▶ _What is expected_: Print, from the listing below, the lines starting at the line containing "Okładka książki Czerwcowe" and ending at the line containing "Little cool dude", exactly as they stand, and print nothing else.

========

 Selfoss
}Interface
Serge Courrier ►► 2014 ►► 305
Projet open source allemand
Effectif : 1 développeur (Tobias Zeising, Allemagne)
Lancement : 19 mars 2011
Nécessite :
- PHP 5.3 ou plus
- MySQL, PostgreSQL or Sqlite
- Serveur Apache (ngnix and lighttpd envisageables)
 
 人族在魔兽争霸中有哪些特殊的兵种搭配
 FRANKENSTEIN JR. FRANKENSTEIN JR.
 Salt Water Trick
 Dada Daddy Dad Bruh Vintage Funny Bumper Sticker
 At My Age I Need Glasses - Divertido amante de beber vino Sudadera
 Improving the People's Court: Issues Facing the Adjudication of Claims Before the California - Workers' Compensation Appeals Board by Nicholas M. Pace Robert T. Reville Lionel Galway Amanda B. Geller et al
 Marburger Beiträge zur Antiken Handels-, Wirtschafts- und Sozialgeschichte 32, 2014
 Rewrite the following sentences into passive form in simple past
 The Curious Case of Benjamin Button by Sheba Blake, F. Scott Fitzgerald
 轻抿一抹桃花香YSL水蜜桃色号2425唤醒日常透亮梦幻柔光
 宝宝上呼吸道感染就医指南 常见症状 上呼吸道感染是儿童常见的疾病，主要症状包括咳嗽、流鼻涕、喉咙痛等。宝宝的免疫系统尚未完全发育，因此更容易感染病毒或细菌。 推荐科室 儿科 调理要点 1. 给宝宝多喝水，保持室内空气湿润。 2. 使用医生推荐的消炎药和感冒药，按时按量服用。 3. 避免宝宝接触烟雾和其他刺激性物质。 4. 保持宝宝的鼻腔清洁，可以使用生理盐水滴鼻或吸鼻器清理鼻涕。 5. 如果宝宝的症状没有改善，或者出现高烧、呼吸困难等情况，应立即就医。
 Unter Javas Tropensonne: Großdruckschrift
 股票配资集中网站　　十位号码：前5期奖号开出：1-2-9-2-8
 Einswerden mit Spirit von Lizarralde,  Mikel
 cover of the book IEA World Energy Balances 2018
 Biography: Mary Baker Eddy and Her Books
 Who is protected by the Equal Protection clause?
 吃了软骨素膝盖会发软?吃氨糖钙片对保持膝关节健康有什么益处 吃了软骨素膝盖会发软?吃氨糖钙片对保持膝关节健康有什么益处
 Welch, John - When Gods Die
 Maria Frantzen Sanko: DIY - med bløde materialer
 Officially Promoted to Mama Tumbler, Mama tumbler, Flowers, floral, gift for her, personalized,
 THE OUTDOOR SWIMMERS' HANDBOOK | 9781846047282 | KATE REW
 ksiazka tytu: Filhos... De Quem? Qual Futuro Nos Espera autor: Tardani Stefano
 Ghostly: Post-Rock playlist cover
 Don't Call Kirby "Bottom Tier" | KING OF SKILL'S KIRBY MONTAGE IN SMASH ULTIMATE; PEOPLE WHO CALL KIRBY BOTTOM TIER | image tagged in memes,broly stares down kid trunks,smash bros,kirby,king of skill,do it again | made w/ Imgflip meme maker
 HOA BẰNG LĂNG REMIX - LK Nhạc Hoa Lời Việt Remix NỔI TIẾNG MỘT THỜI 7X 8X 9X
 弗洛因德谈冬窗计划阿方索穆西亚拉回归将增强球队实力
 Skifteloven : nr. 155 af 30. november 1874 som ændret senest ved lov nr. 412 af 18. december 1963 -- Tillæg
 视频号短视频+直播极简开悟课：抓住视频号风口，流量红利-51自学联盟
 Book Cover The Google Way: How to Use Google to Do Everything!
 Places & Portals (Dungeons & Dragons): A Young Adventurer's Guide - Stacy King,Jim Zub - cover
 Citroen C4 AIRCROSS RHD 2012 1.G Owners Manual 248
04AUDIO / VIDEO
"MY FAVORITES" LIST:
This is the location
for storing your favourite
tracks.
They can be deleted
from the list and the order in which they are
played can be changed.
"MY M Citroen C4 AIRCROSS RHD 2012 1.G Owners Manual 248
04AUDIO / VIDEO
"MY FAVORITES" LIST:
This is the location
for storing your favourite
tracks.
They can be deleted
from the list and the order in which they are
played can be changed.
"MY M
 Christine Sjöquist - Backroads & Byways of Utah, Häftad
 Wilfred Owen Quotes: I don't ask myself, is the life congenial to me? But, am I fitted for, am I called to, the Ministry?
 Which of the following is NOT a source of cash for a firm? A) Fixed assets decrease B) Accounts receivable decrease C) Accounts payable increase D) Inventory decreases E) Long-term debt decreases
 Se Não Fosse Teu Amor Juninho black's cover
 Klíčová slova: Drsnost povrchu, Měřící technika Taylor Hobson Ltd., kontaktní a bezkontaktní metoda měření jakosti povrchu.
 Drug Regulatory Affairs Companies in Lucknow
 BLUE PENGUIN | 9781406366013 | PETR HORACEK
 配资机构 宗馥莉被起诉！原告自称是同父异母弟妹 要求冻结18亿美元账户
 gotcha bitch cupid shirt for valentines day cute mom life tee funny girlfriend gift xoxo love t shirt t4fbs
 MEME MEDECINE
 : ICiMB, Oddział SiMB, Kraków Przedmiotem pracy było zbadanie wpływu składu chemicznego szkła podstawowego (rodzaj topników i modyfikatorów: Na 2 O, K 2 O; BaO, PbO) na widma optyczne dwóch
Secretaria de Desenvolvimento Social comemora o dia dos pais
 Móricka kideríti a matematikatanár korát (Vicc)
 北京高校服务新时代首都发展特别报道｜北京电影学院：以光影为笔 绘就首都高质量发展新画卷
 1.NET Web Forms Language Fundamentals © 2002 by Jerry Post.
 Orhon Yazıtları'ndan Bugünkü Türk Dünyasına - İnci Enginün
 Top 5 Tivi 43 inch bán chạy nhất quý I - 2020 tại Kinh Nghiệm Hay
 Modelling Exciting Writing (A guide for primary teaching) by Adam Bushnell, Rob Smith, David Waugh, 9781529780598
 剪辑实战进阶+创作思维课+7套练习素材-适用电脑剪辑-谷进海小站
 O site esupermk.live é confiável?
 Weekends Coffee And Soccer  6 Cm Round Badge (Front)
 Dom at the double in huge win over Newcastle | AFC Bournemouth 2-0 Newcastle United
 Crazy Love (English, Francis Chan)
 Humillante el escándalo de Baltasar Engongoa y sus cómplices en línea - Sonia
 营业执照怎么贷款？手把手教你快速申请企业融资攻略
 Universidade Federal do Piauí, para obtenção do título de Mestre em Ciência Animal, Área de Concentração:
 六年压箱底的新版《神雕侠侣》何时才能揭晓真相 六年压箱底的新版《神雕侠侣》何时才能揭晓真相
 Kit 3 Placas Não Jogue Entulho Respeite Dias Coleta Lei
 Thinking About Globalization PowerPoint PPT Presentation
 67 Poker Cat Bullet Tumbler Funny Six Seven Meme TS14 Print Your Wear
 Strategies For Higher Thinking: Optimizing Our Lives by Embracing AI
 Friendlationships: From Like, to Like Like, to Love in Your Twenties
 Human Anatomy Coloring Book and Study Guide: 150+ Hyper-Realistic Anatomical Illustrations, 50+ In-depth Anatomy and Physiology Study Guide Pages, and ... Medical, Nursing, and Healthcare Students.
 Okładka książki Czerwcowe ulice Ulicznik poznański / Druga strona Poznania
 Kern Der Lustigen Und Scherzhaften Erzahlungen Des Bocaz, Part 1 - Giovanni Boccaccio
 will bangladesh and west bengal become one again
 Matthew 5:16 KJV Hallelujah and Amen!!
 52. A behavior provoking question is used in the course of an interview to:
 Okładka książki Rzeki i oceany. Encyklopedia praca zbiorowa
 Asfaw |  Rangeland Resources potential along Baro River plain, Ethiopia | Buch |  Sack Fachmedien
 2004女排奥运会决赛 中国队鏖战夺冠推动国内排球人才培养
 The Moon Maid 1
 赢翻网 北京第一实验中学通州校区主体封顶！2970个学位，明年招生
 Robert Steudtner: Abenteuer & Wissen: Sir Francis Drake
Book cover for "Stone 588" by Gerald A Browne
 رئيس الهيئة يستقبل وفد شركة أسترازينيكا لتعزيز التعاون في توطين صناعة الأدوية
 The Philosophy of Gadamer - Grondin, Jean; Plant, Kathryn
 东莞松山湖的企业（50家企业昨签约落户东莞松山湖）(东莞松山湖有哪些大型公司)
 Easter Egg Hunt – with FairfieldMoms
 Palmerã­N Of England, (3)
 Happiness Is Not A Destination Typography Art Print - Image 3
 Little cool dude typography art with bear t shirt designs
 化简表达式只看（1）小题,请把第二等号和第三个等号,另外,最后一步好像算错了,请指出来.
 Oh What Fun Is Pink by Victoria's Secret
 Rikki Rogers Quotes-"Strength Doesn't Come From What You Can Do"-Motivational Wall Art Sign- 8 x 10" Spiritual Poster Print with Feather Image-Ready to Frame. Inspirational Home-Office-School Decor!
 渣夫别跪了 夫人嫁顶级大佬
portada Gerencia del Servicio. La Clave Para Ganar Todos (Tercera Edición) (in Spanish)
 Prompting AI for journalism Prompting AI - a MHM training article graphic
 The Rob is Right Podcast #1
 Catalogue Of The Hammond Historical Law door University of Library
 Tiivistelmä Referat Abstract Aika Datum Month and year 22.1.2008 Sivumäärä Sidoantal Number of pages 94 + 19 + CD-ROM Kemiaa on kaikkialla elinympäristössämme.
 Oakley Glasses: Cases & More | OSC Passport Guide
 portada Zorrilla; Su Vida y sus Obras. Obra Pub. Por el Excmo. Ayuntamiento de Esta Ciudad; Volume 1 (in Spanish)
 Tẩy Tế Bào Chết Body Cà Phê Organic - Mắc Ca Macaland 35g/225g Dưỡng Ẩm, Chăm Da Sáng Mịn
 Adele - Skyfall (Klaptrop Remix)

========

▶ _Expected output_:
 Okładka książki Czerwcowe ulice Ulicznik poznański / Druga strona Poznania
 Kern Der Lustigen Und Scherzhaften Erzahlungen Des Bocaz, Part 1 - Giovanni Boccaccio
 will bangladesh and west bengal become one again
 Matthew 5:16 KJV Hallelujah and Amen!!
 52. A behavior provoking question is used in the course of an interview to:
 Okładka książki Rzeki i oceany. Encyklopedia praca zbiorowa
 Asfaw |  Rangeland Resources potential along Baro River plain, Ethiopia | Buch |  Sack Fachmedien
 2004女排奥运会决赛 中国队鏖战夺冠推动国内排球人才培养
 The Moon Maid 1
 赢翻网 北京第一实验中学通州校区主体封顶！2970个学位，明年招生
 Robert Steudtner: Abenteuer & Wissen: Sir Francis Drake
Book cover for "Stone 588" by Gerald A Browne
 رئيس الهيئة يستقبل وفد شركة أسترازينيكا لتعزيز التعاون في توطين صناعة الأدوية
 The Philosophy of Gadamer - Grondin, Jean; Plant, Kathryn
 东莞松山湖的企业（50家企业昨签约落户东莞松山湖）(东莞松山湖有哪些大型公司)
 Easter Egg Hunt – with FairfieldMoms
 Palmerã­N Of England, (3)
 Happiness Is Not A Destination Typography Art Print - Image 3
 Little cool dude typography art with bear t shirt designs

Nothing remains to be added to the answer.